La première vague d'enquêtes, conduites entre septembre et octobre 2005 (questionnaire en face à face au domicile), révèle que 11,7 % des sujets ont présenté un épisode dépressif majeur dans les 15 jours précédents. Là encore, le risque de dépression était deux fois plus élevé chez les femmes, quelle que soit la tranche d'âge. L'appartenance à la catégorie des cadres et des professions intellectuelles ainsi qu'un niveau d'études universitaire constituaient des facteurs protecteurs. Selon les auteurs, des événements survenus dans l'enfance, ainsi que certaines caractéristiques du fonctionnement familial, «apparaissent fortement et indépendamment associés à la dépression; notamment le fait d'avoir été victime de violences sexuelles ou témoin de violences interparentales, mais également le fait que les parents aient connu de longues périodes de chômage ou de graves difficultés financières».
L'étude montre aussi que la dépression est plus fréquente dans les quartiers classés en zone urbaine sensible. L'association entre quartiers défavorisés et troubles mentaux a d'ailleurs été observée dans différents pays.
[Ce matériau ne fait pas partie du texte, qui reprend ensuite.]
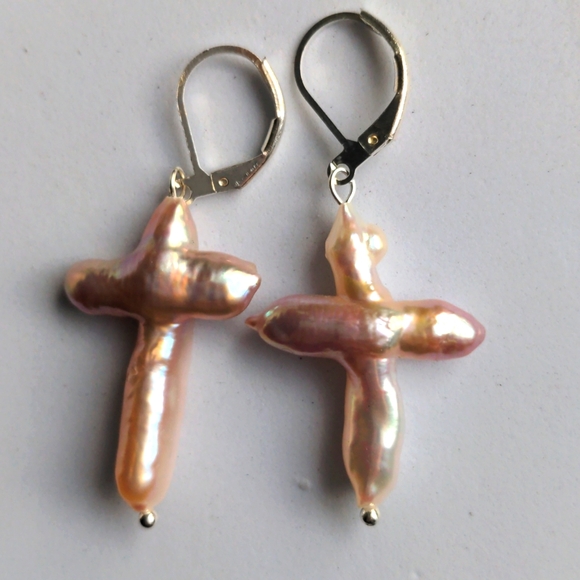 Hand Crafted Jewelry - Genuine pearl cross earrings.  Lusterous freshwater pink.  Silver lever …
Conscients de la portée de leurs résultats dans le débat actuel, les auteurs soulignent les perspectives qu'ils offrent, d'une part, pour la prévention primaire et, d'autre part, pour les politiques d'information et de prise en charge. «Dans le premier cas, précisent-ils, il ne s'agit pas tant de “dépister” les enfants à risque que de rechercher, chez l'adulte, les événements traumatiques de l'enfance et de développer les services d'aide à l'enfance et à la parentalité pour prévenir le risque de dépression ultérieur à l'âge adulte. Dans le second cas, il pourrait s'agir de cibler prioritairement les campagnes d'information dans les territoires où habitent les personnes les plus défavorisées.»
Détresse chez les étudiantes en médecine.
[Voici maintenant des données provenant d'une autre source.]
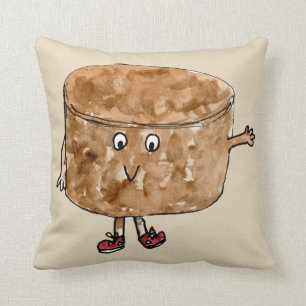 Almofada Bolo de Chocolate Fofo Engraçado Onda Arte de Dese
Une autre étude du « BEH », celle de Pierre Verger et coll., porte sur les conditions de vie et la santé mentale des étudiants de première année dans les universités de la région PACA (Provence-Alpes-Côte d'Azur). L'analyse réalisée à partir de 1723 questionnaires (725 garçons et 998 filles) montre un taux de prévalence de 25,7 %, avec là encore un effet de genre : 33 % chez les filles, soit un tiers de la population féminine, et 15,7 % chez les garçons. Chez les garçons, la détresse psychologique (DP) était associée aux événements négatifs récents de leur vie, aux difficultés d'adaptation à l'université et à un faible contrôle de soi. Chez les filles, elle était surtout associée à la nationalité étrangère, aux antécédents psychiatriques et aux études médicales. «Les études de médecine étaient associées à une prévalence accrue de la DP, chez les filles uniquement», notent les auteurs. Il s'agissait par ailleurs de la seule filière, parmi celles représentées dans l'enquête, dans laquelle les étudiants préparaient un concours sélectif .
Une mesure difficile
Le CDI (Composite International Diagnostic Interview) a été développé par l'OMS pour évaluer la prévalence des troubles dépressifs hors du contexte clinique. Il comprend un ensemble de questions portant sur les symptômes répartis en 41 sections et nécessite en moyenne deux heures. Il doit être utilisé par des enquêteurs formés de façon approfondie (40 heures de formation sur cédérom et trois jours de formation présentielle). Son utilisation lors d'une enquête en population générale portant sur plusieurs dizaines de milliers de personnes reste difficile. La version allégée, le CDI Short-form (CIDI-SF), peut être utilisée par des enquêteurs non spécialistes après une formation de quelques heures et, par téléphone, le questionnaire est applicable en une dizaine de minutes.